I would like to remind you that Llano processors have three major frequencies, which directly affect the performance and which make sense to adjust during overclocking:
- Clock frequency of the computational CPU cores;
- Graphics core frequency;
- DDR3 memory frequency.
A8-3870K allows you to easily adjust any two of the three frequencies. The computational core frequency is adjusted with the unlocked processor clock multiplier, which can be changed in 1x increments from 8x to 47x. In other words, keeping in mind that Socket FM1 systems work with 100 MHz BCLK, A8-3870K may theoretically work with any clock frequency with 100 MHz increments.
Our today’s hero allows adjusting the graphics core frequency as well. However, in this case the algorithm is more complex: this frequency is created by dividing the resulting processor clock by its own multiplier, which can be adjusted with 0.25 increments. Therefore, the discontinuity of the GPU frequency is variable and depends directly on the processor overclocking.

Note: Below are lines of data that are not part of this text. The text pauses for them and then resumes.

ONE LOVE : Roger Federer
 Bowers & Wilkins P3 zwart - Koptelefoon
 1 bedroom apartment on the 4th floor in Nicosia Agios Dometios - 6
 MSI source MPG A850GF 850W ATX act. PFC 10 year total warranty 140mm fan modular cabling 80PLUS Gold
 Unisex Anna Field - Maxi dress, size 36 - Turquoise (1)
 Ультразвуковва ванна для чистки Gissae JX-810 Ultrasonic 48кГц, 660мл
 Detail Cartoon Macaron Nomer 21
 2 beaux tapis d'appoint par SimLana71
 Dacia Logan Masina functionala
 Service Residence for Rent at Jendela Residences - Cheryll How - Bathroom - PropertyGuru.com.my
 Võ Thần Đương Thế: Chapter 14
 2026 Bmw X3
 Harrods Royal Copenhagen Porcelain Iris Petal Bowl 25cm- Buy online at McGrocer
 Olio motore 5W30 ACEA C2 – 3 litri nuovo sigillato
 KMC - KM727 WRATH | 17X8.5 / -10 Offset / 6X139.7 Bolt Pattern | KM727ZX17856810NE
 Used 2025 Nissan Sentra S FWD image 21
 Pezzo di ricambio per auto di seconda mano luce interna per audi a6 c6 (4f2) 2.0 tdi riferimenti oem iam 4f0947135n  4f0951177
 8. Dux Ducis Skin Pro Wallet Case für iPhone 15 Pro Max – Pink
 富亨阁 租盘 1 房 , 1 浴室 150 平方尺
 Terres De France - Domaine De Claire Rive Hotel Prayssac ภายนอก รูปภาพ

The memory frequency in A8-3870K is determined by a special multiplier, which can be adjusted within very limited intervals. Like all other Llano, A8-3870K only supports DDR3-1067, DDR3-1333, DDR3-1600 and DDR3-1867 SDRAM. It means that the memory controller has only four multipliers available for shaping up the memory frequency: 10.66x, 13.33x, 16.0x and 18.67x. In other words, even for the A8-3870K processor, which belongs to the Black Edition series, the highest memory mode attainable without changing the BCLK frequency will be DDR3-1867 SDRAM. For more advanced memory overclocking, you will need to increase the BCLK frequency beyond its nominal value.
Everything I have just said is summed up on the following illustration:
In practical terms, all this means that Llano processors with locked clock frequency multipliers could be successfully overclocked to about 3.5 GHz with symmetrical increase in the integrated graphics core frequency to 870 MHz. However, since this overclocking was performed by raising the clock generator frequency to 140-150 MHz, some sacrifices had to be made, such as switching the SATA drives into a less efficient IDE mode and use DVI monitors.
With A8-3870K Black Edition no one promises any new overclocking records. However, when you overclock this processor with multipliers, all system components continue working in nominal modes, so there is no need to compromise. Even AMD states that A8-3870K processors should easily hit 3.5-3.8 GHz on the computational cores and up to 800-960 MHz on the graphics core with just air-cooling alone. During our experiments, we easily reached the indicated frequency intervals.
Our A8-3870K sample under NZXT Havik 140 cooler remained perfectly stable at 3.6 GHz, and its Radeon HD 6550D graphics core easily overclocked to 960 MHz. We needed to increase three major voltages to achieve this result. The processor Vcore was raised to 1.525 V, the nominal voltage of the chipset North Bridge was increased by 0.175 V and the integrated GPU voltage was set at 1.25 V. Since we didn’t change the BCLK frequency, the memory worked in the maximum available operational mode – as DDR3-1866.